Anthropic is granting ENISA, the European Union’s cybersecurity agency, access to Mythos through Project Glasswing. Mythos can detect and exploit vulnerabilities in computer systems. ENISA thus becomes a member of a select group of organizations authorized to use the model exclusively for defensive purposes.
This is according to sources cited by Bloomberg. ENISA is being added to Project Glasswing, the initiative through which Anthropic gives organizations the opportunity to test the model before it becomes more widely available. Project Glasswing was announced in April 2026 as a coalition of over forty organizations, including Amazon, Apple, Microsoft, Google, and the Linux Foundation. Participants are permitted to use Mythos exclusively for defensive purposes. Anthropic also made up to $100 million in usage credits and $4 million in direct donations available to open-source security organizations.

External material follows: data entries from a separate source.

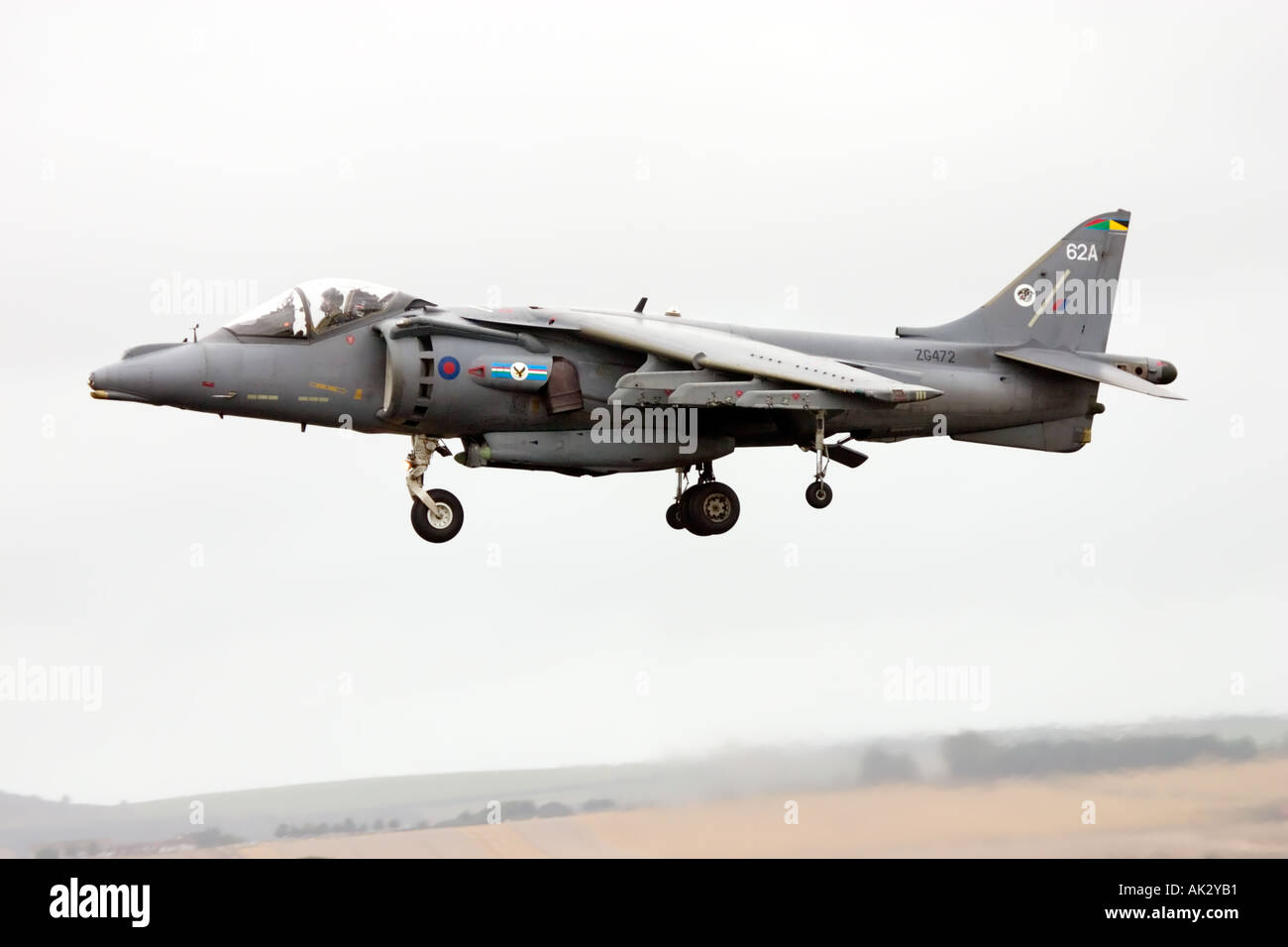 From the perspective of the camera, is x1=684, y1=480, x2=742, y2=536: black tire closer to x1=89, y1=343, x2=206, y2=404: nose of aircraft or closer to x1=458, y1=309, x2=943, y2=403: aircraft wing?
x1=458, y1=309, x2=943, y2=403: aircraft wing

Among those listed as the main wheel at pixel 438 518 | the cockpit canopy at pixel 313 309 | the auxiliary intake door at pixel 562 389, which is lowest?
the main wheel at pixel 438 518

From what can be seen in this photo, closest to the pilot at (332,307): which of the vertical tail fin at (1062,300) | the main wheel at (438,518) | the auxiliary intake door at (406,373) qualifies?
the auxiliary intake door at (406,373)

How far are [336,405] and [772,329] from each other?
571 cm

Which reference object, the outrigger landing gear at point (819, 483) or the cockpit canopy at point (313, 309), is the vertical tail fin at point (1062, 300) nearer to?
the outrigger landing gear at point (819, 483)

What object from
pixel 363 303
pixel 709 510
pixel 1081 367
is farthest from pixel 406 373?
pixel 1081 367

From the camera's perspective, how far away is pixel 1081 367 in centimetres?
2781

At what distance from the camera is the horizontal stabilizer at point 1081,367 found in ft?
90.3

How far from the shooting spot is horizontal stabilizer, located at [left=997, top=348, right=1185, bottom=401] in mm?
27516

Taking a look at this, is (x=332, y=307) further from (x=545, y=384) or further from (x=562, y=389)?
(x=562, y=389)

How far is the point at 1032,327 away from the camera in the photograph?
28.5 metres

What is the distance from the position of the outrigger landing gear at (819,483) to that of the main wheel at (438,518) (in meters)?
4.30

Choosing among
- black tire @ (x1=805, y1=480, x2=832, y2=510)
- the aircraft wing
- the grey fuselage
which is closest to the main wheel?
the grey fuselage

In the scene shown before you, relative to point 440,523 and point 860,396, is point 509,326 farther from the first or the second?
point 860,396

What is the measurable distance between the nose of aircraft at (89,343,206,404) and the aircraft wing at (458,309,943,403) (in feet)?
10.8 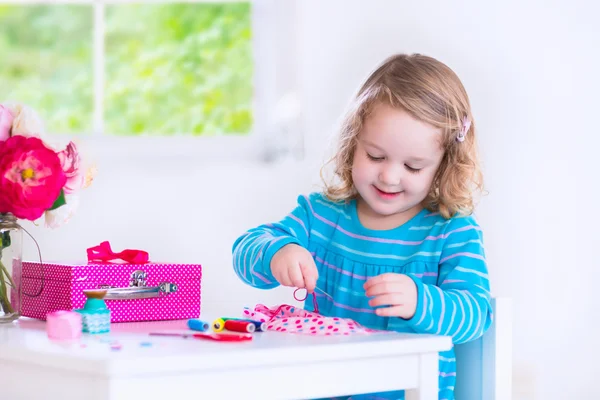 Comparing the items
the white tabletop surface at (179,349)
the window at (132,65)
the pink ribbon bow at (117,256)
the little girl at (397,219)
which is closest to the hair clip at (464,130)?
the little girl at (397,219)

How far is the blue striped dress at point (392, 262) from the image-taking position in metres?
1.15

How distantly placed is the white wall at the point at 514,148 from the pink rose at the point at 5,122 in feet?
2.77

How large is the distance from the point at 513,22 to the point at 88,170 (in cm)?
133

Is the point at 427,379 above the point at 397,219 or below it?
below

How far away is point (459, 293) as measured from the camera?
1179 mm

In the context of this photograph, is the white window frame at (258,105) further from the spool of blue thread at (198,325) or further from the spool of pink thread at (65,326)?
the spool of pink thread at (65,326)

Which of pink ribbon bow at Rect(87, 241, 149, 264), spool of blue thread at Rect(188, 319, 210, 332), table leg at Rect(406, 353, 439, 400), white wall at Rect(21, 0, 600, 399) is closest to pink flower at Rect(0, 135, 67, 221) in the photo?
pink ribbon bow at Rect(87, 241, 149, 264)

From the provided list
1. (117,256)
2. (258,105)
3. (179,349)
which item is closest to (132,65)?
(258,105)

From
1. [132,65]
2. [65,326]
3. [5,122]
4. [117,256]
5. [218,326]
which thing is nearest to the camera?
[65,326]

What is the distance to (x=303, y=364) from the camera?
3.02 ft

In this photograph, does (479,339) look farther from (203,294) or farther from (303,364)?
(203,294)

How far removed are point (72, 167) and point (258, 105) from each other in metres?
0.95

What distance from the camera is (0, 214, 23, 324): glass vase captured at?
3.98 feet

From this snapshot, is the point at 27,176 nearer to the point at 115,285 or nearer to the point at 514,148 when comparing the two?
the point at 115,285
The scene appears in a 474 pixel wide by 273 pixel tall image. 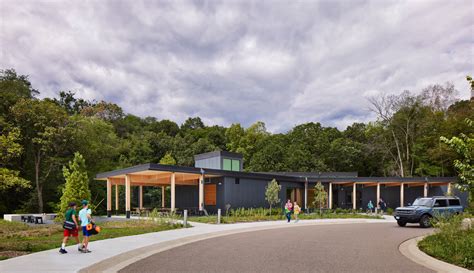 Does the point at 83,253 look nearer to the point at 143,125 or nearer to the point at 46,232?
the point at 46,232

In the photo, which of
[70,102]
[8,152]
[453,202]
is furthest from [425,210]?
[70,102]

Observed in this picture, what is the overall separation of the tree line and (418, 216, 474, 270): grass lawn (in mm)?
18358

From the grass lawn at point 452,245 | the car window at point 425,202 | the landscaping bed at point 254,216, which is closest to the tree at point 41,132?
the landscaping bed at point 254,216

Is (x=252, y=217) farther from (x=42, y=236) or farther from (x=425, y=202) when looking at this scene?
(x=42, y=236)

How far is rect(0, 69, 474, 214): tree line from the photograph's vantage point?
3731 cm

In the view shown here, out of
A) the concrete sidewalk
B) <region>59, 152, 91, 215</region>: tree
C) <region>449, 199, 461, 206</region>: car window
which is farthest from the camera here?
<region>59, 152, 91, 215</region>: tree

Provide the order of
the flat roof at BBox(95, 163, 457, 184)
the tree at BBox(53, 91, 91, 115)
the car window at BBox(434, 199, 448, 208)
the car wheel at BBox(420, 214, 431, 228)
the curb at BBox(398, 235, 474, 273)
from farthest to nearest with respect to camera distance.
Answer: the tree at BBox(53, 91, 91, 115)
the flat roof at BBox(95, 163, 457, 184)
the car window at BBox(434, 199, 448, 208)
the car wheel at BBox(420, 214, 431, 228)
the curb at BBox(398, 235, 474, 273)

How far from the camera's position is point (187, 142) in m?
63.7

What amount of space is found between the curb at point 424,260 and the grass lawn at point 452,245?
0.66 ft

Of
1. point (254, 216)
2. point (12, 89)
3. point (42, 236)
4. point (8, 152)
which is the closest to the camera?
point (42, 236)

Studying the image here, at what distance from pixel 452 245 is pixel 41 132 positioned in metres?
34.7

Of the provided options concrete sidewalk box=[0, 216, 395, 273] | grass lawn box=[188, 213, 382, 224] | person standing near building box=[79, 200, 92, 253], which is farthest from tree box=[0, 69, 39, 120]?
person standing near building box=[79, 200, 92, 253]

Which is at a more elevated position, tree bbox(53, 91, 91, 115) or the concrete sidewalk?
tree bbox(53, 91, 91, 115)

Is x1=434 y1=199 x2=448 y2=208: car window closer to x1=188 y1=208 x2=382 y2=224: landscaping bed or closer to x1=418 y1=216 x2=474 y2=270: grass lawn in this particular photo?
x1=188 y1=208 x2=382 y2=224: landscaping bed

Mythos distinguishes itself from earlier models by not only detecting vulnerabilities but also automatically combining them into complete attack chains. During testing, the model identified thousands of zero-day vulnerabilities, including a 27-year-old TCP vulnerability in OpenBSD and a 17-year-old vulnerability in FreeBSD. Anthropic reports an autonomous exploit success rate of 72.4 percent, compared to virtually zero for the previous Opus 4.6 model. The NCSC, part of the Ministry of Justice and Security, had previously warned about the model’s capabilities.
Access broader, but still limited
Earlier this month, Anthropic announced that partners in Project Glasswing are permitted to share their findings with parties outside the program, such as security teams, regulators, open-source maintainers, and the media. Through the program, Mythos has now identified more than 10,000 critical software flaws in a single month. Microsoft has incorporated Mythos into its Security Development Lifecycle to detect vulnerabilities early in the development process.
The addition of ENISA follows earlier reports that the Pentagon is also using Mythos to find and patch software vulnerabilities in U.S. government systems.